DATA BLOCK
+---+

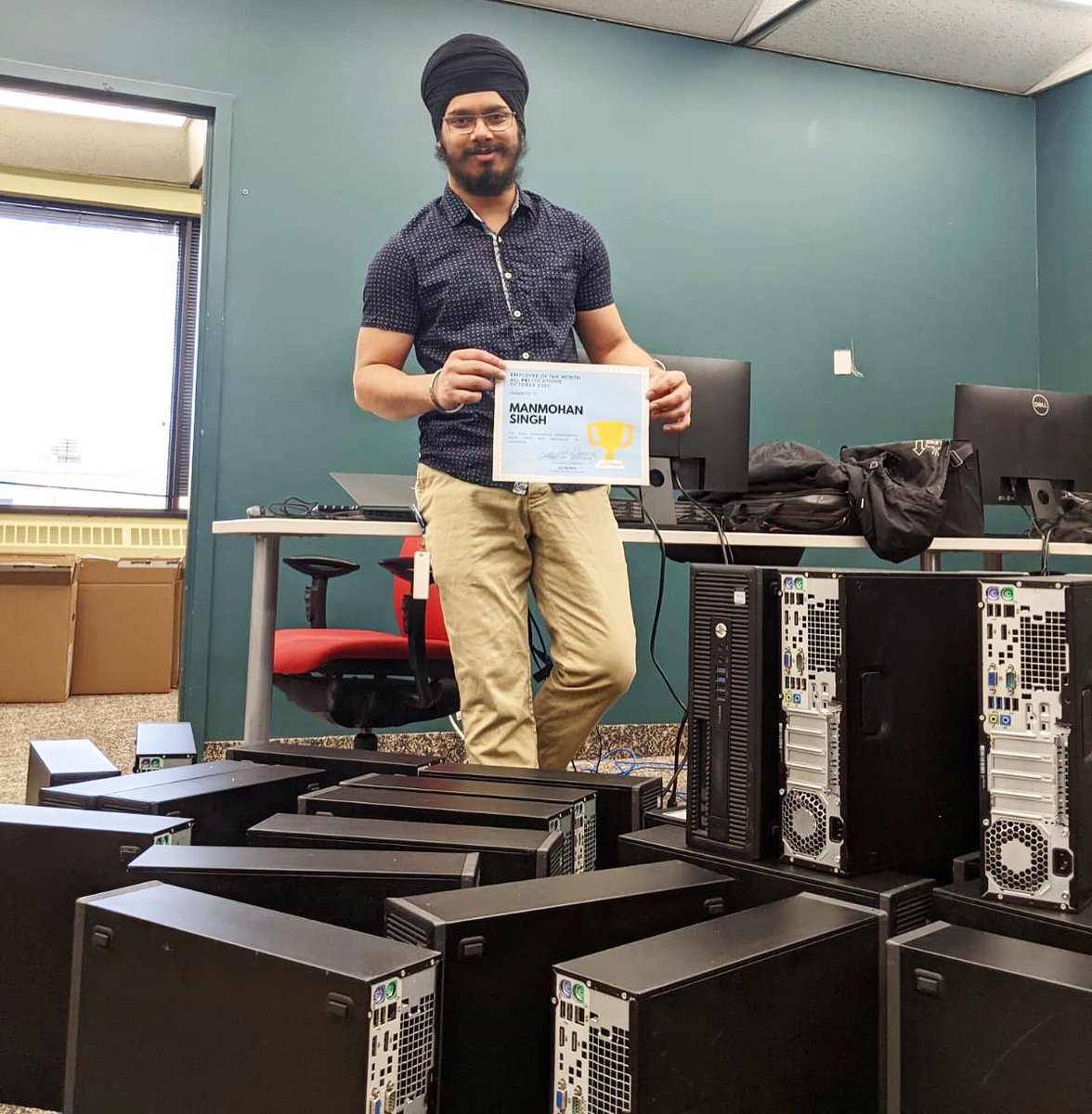iosolutionsca's tweet image. Congratulations Manmohan, from the I.T. department, employee of the month across all PEI sites! 🙌 Félicitations Manmohan, employé du mois à travers nos centres de l’Île-du-Prince-Édouard! #teamiosolutions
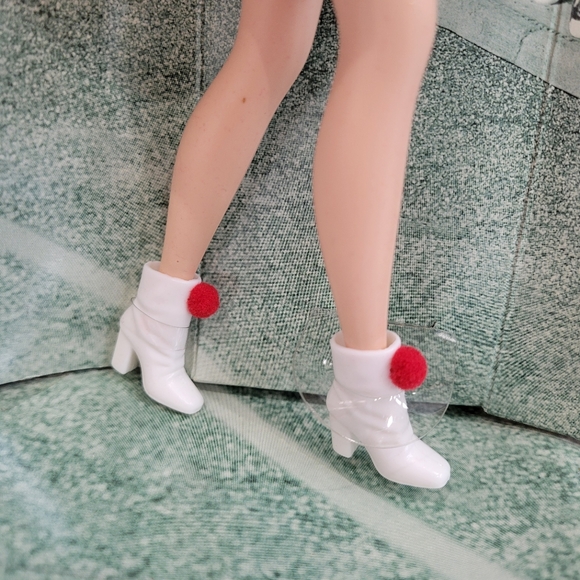 Coca Cola Majorette Barbie Doll Collector Edition 2001 Mattel #53974 - Picture 3 of 6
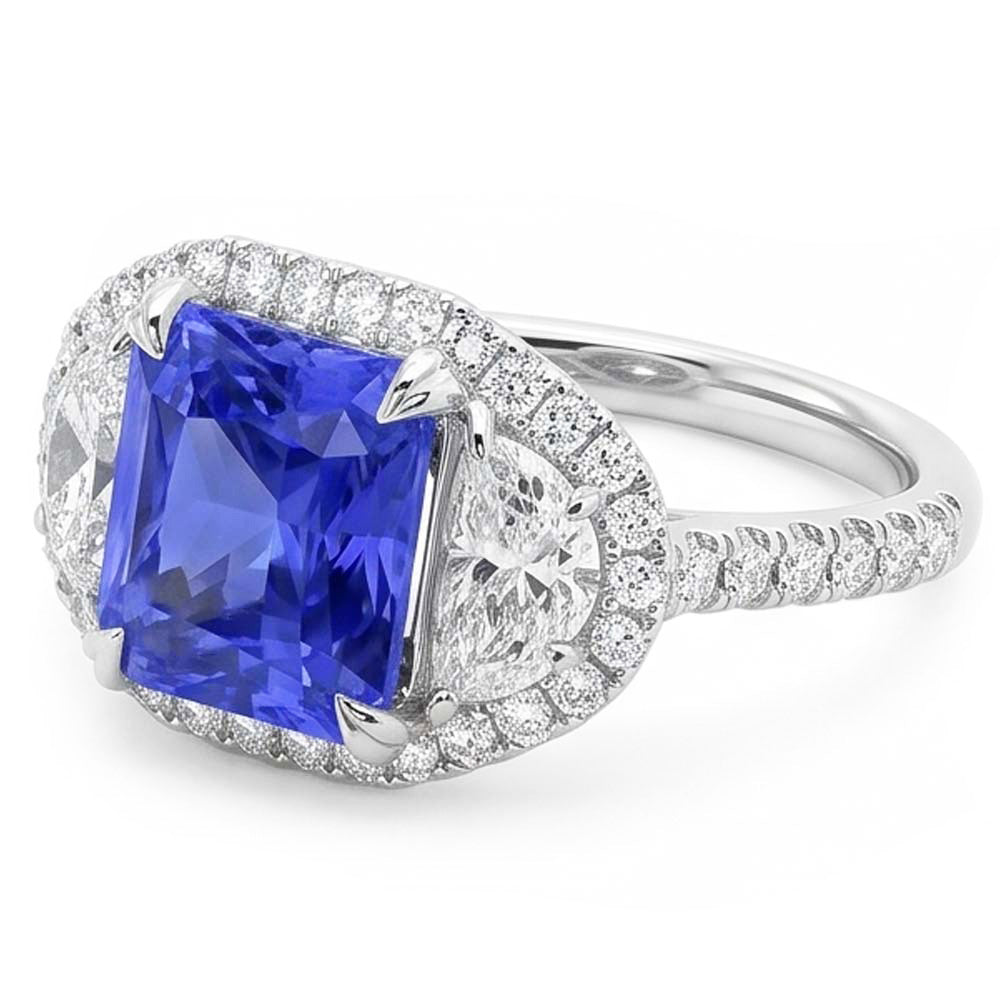 Halo Ring Cushion Zaffiro con mezza luna e diamante rotondo 4.50 carati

+---+

ABOUT THIS EXERCISE
Return every line above verbatim, pictures excluded.

EXPECTED OUTPUT
iosolutionsca's tweet image. Congratulations Manmohan, from the I.T. department, employee of the month across all PEI sites! 🙌 Félicitations Manmohan, employé du mois à travers nos centres de l’Île-du-Prince-Édouard! #teamiosolutions
 Coca Cola Majorette Barbie Doll Collector Edition 2001 Mattel #53974 - Picture 3 of 6
 Halo Ring Cushion Zaffiro con mezza luna e diamante rotondo 4.50 carati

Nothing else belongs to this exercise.